It’s payday! I exult to myself, momentarily, until I begin to pay my bills, and then – and then, you know. You know, unless you’re incredibly wealthy or maintained by someone else or are still a child. The terrible sinking feeling of watching it go away, the counting backwards and down until the money is gone or mostly gone, fingers folding into empty fists.
If you do manage to keep one of those fingers straight, to carry a little heap of earnings from one month to the other, the muffler will fall right off your car, or a branch will fall on it, or through your roof, or the door handle will come off in your hand, and that will be the end of the little heap.

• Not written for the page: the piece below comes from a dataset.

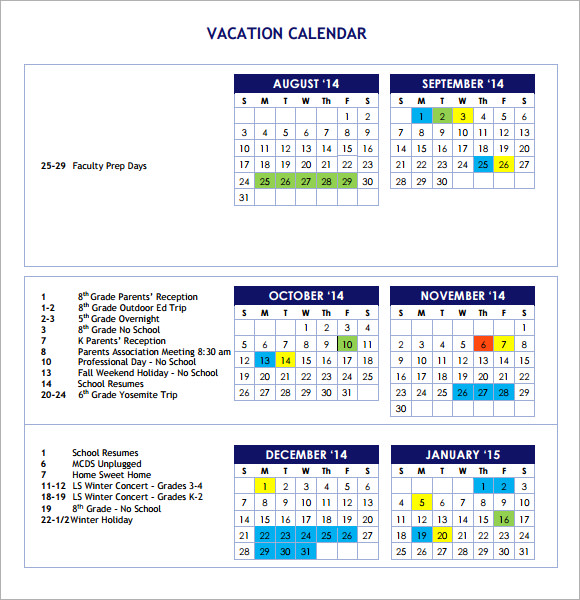 7+ Sample Vacation Calendars Sample Templates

“You thought he was a good man,” I told the director, cutting off her description of him. She shrugged defeatedly. “I did. I even . . . cooked for him.” She said it haltingly – either the memory came slowly or it pained her to remember. “I told you he was a heartless bastard,” I said gently, because however hard it is to be Cassandra, it is so much harder to tell a person you care for “I said so.”
At least it is hard for me. I’m not saying I’m terribly noble, and I’m not saying that I can’t be roused to anger – my blood is red, my pulse strong. But I don’t like the unsavoury victories, the ones that involve bad character showing itself and lies coming undone and grown men sobbing in front of their sons. I’d rather not be there for all of that, rather be on the road again, driving through the heat and mosquitoes sticking to my arm.
I’m alone in bed watching a black and white video of the Bee Gee’s, back when they were all bad teeth and hopeful hair. ‘Massachusetts.’ I don’t know if it’s comforting or just de-scabbing the wounds.
Everyone knows what an out of control life feels like. I don’t need to add my description to the pile. If I could live like a bird in a country field – without money – I could, really. But there is a long list of the bills that need paying, the proverbial mouths to feed – I know, it just isn’t interesting. Or sexy.
Tonight I drove as far as I could, to find the most remote field possible. There was a flock of little black birds swooping down at once and then scattering. I stopped my car by the side of the road and leaned my head on the steering wheel. If my life were a movie, I thought, it would end now.It would be one of those depressing movies that you leave the theater after watching feeling slightly wrong, like you’re equilibrium’s off, like –
Like a mediation on the futility of life, which you already knew, which you didn’t have to go to a theater to see some girl with windswept blonde hair walk down railroad tracks until she’s off camera, and your heart leaps, hoping the screen doesn’t go black, hoping that there’s a second act, but of course there isn’t. The lights come up and you’re holding an empty popcorn bag and chewing on a soda straw, with a look of mild shock.
I can see him – the one the moms refer to as ‘Hot Dad’ – from this window. I can watch him from a bare window sure that he will never look up and actually notice me – he, meanwhile, moves secure in the knowledge that he is alone.
He moves differently when he believes no one is watching. His movements are sure. Apparently his clothing is dirty, he constantly sniffs it, scowls, rummages through the car like an energetic bag lady and pulls something else out. I don’t know what good this does anyone since the clothing all lives in a giant ball, but it placates him.
I wouldn’t mind at all if he did notice. I’d wave.